(Saved entries)
=== Begin Enclosure ===
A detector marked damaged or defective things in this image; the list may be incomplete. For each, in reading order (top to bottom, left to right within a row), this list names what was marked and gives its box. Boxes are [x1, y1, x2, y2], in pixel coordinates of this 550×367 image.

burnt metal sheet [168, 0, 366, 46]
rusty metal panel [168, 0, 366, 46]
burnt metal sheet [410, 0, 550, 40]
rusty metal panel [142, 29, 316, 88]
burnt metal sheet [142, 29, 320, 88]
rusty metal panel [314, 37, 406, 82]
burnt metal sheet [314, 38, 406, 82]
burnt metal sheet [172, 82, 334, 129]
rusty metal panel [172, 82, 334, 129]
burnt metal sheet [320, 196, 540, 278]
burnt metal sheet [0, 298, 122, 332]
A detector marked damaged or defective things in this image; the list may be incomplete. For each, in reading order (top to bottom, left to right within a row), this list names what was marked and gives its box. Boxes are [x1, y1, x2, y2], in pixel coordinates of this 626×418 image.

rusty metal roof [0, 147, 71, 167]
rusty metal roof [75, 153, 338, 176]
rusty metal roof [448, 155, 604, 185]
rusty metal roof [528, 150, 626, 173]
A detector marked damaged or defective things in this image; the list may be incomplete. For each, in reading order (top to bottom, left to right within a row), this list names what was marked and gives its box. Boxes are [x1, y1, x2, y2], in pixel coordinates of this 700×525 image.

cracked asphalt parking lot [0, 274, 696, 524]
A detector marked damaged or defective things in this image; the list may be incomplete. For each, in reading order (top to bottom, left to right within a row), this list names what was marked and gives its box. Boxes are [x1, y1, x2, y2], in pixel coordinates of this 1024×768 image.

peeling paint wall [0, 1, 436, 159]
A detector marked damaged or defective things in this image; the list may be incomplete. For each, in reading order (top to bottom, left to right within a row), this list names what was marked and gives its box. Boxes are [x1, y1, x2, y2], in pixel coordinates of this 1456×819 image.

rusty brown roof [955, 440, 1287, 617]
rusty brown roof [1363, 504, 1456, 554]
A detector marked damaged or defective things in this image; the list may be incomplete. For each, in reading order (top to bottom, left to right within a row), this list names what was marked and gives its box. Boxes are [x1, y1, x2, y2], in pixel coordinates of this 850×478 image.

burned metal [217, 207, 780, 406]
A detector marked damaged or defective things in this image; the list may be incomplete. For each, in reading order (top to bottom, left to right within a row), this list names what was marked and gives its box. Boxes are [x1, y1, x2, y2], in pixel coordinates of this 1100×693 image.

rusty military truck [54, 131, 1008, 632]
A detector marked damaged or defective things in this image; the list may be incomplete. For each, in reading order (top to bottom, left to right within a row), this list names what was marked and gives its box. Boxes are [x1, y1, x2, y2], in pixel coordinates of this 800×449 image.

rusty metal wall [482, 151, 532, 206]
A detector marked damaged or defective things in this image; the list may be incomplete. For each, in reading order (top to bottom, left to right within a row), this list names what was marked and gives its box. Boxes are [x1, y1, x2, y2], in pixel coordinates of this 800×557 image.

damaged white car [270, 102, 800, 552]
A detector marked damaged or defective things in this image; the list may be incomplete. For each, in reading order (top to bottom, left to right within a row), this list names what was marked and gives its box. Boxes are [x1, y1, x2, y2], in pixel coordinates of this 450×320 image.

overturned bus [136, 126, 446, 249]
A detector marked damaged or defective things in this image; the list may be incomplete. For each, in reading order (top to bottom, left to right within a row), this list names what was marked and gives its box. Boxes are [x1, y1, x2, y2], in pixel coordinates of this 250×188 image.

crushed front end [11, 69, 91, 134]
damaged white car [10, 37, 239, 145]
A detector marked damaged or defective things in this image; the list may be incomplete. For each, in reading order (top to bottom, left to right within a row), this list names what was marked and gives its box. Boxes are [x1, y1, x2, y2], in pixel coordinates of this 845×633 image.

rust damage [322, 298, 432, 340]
=== End Enclosure ===
EXERCISE DIRECTIONS:
Starting at the line that holds "this 845×633 image.", set down each line exactly through the last line of the records above, and no others.

EXERCISE RESPONSE:
A detector marked damaged or defective things in this image; the list may be incomplete. For each, in reading order (top to bottom, left to right within a row), this list names what was marked and gives its box. Boxes are [x1, y1, x2, y2], in pixel coordinates of this 845×633 image.

rust damage [322, 298, 432, 340]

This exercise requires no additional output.